During the realization of my first task, I noticed the unusual phenomenon of resistance of the film crew against getting beyond a particular level of technological advancement. The producer, Lukasz Dlugolecki, initially planned to install recording software on each computer separately, then capture visuals without any control, and finally copy the recorded materials from hard-drives after three months. With more than fifty participants, such a system was not very convenient. Instead, I proposed a number of solutions, including a cloud-based system where all conversations could be recorded globally on the server. Although Microsoft Poland approved our project and they were able to offer us an affordable solution, this idea was abandoned and a less advanced method, based on remote computer access, was applied. We tested this technique for several weeks before the final implementation. In my view, the abovementioned limit of acceptance for technology is only natural. A creative technologist or a technophile does not have such a restraint: every new technology is challenging and fun. For most of the population, however, it may pose a problem. The users may feel lost and insecure. In the same way, a conventional artist can accept a only restricted technological leap in the creative process. For instance, a significant number of artists employ a method of manual conceptual drawing on paper and then the digital edition of scanned pictures. Computer is a transparent tool of early creation only for some of them. People prefer traditional methods supporting the thought process. This technological barrier was particularly evident later when the production moved forward.

 

In addition to the Skype sessions, the film initially was supposed to involve several distinct techniques: animation, scripted static shots, and hand-held “organic” observational scenes. They were supposed to interlace with each other. Each of these elements was meant to describe a different aspect of the society portrayed in the film. I was asked to develop several possible solutions for these components and to explore the visual possibilities. The main topic was the etiological myth which started the emigration trend. To distinguish the past and the present, the director decided to use animation.

 

The ships sailing under the Icelandic flag reach the Polish port in 1980. An Icelandic navigator Valdi decide to travel across an alien land in search of a wife. The first person that attracted Valdi's attention in Poland is the train conductress Joasia. He falls in love with her at first sight. Despite the language barrier, he manages to determine that she is single and lives in Stare Juchy. Without hesitation, he decides to visit this distant place in the Masurian forests. This adventure will lead to the migration of one-third of the population, four hundred people, from this town to Iceland.

 

When I joined the team, they already worked on the idea of single-cell animation superimposed over live footage, with the voiceover of interviews with founding fathers. The director asked me to explore other stylistic possibilities. My first idea was to use a map theme and a journey motif. Valdi was a navigator, so the next logical step was to use stylization to 1980s computer graphic or ASCII animation. The narrative could be based on letters from Valdi to Joasia. I also tried to use the method of communication between ships as an inspiration. It referred to a type of work Valdi did.

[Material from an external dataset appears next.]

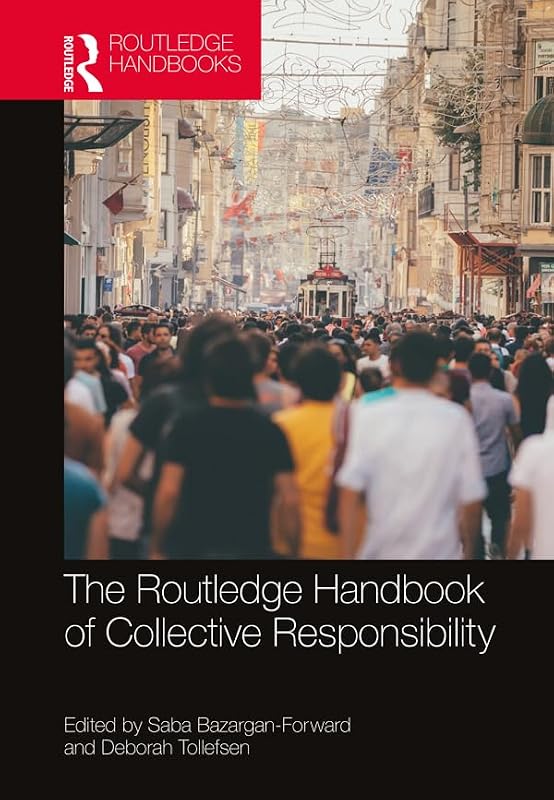 The Routledge Handbook of Collective Responsibility (Routledge Handbooks in Philosophy) by Saba Bazargan-Forward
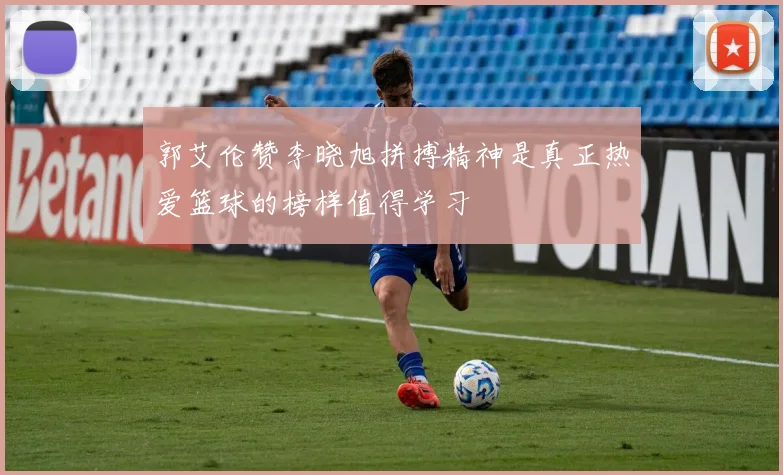 郭艾伦赞李晓旭拼搏精神是真正热爱篮球的榜样值得学习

The second idea was to test South Park style animation. I tried out the stylization combining Polish Masurian folk and Icelandic folk. The plan was to use the combination of drawing and cutouts. Ziemilski wanted the story to progress with a seamless transition between a cartoonish look and a photographic quality of Skype. The main problem was how to gradually change stylized animation into real photographic footage. Unfortunately, the results were not fully satisfactory. The connection of the love story with a funny cartoonish look did not seem to work for the film. This kind of absurd humor was not adequate to the mood that the director intended to get. It emphasized the weakness of using the Skype recordings, because they seemed rather trivial. Finally, the founding story of Valdi and Joasia was abandoned after this research. This allowed me to clarify the definition of digital visual design and to check out the potential of a creative technologist.

 

Animation is not included in the VFX activity but may be added to it as a separate technique. This possibility comes from the fact that the European film industry does not have such a strict assignment of responsibilities as the Hollywood industry. In Norway, many cinematographers perform the tasks of an on-set VFX supervisor themselves. Computer generated animated films apply many visual effects techniques, but they are a different kind of creativity. In visual effects, computer-created objects, characters, or environments serve to support live-action story and are usually are intended to look photorealistic even if they depict fictitious situations. [1]  While VFX supervisors and digital visual designers create elements that are incorporated into live action shots, creative technologists are not limited in such a way. The digital visual design students of the Norwegian film were frequently asked to resort to animation, and this technique is sometimes the most efficient solution for issue various issues encounters in feature film production. Nevertheless, the animation was outside the scope of my artistic research, and In Touch gave up this direction of development.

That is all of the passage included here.